Widdick v. Brown & Williamson
"The Tobacco Conspiracy Trial"
Tobacco Chemist: Brown & Williamson Tried to Make a Safer Cigarette
(June 3) Former Brown & Williamson chemist and current defense witness Lance Reynolds returned to the stand and attempted to rebound from the damaging testimony he gave against his former employers during plaintiff attorney Norwood Wilner's cross-examination the previous day.
The primary areas of Wilner's attack were the alleged industry conspiracy to hide the addictiveness of nicotine and the industry's efforts to make a safer cigarette. Wilner continued to question Brown & Williamson's actions and motivations, a decade and a half before Reynolds even joined the company. Reynolds attempted to answer questions that veered from his areas of expertise. For example, Wilner asked him what motivated the marketing and sales department of Brown & Williamson in the mid-1950's. After Reynolds made it clear he could only speculate on the answers, the defense finally objected to Wilner's questions. Wilner, however, may have succeeded in making the witness look ill-prepared for his testimony.
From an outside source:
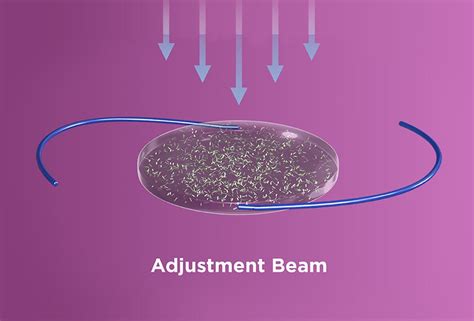 Image result for Light Adjustable Lens Problems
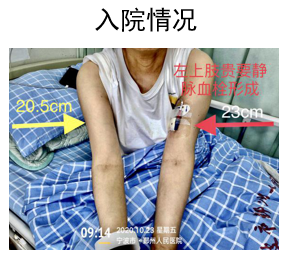 picc并发静脉血栓抗凝治疗要多久拔管时血栓会脱落吗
Wilner then asked Reynolds about Brown & Williamson's efforts to make Lucky Strike, the brand of cigarettes Roland Maddox smoked, safer. Reynolds admitted Lucky Strike cigarettes have remained fundamentally unchanged since the 1950s. However, he emphasize that Brown & Williamson took other steps to produce and market safer cigarettes, including a filtered Lucky Strike. Regarding nicotine addictiveness, Reynolds said he did not accept the Surgeon General's 1988 report and said nicotine addictiveness is still an active area of research. In other words, the effects of nicotine is still under investigation. He repeated his prior testimony Brown & Williamson did not intentionally hide research into nicotine's addictiveness from the Surgeon General.
During redirect examination by Brown & Williamson attorney John Nyhan brought out two basic points from Reynolds: (1) Brown & Williamson spent millions of dollars developing ways to lower tar and nicotine, including the use of filters; (2) that if a smoker chooses to snap off the filter, any safety features are no longer effective. (The defense may present some witnesses who will say that Maddox would snap the filters off his filtered cigarettes.)
The last hour of court today found jurors listening to the written deposition testimony of Harmon McAllister, taken on April 8, 1988. McAllister has been with the tobacco industry's Council for Tobacco Research since 1983. Since 1992, he has been its scientific director and vice president of research. McAllister's testimony discussed the good intentions of the Council in funding research of diseases associated with tobacco. The essence of his testimony was that the Council for Tobacco Research does not try to control the research it funds. He said as a result of funding from the Council, hundreds of articles have been published that have been damaging to the cigarette industry. The articles appeared in the most respected medical journals and are often cited in Surgeon Generals' reports. McAllister defended the Council for Tobacco Research's decision to support basic research into the diseases, rather than studying the epidemiology. The risk factors of smoking, he claimed, are already widely-known.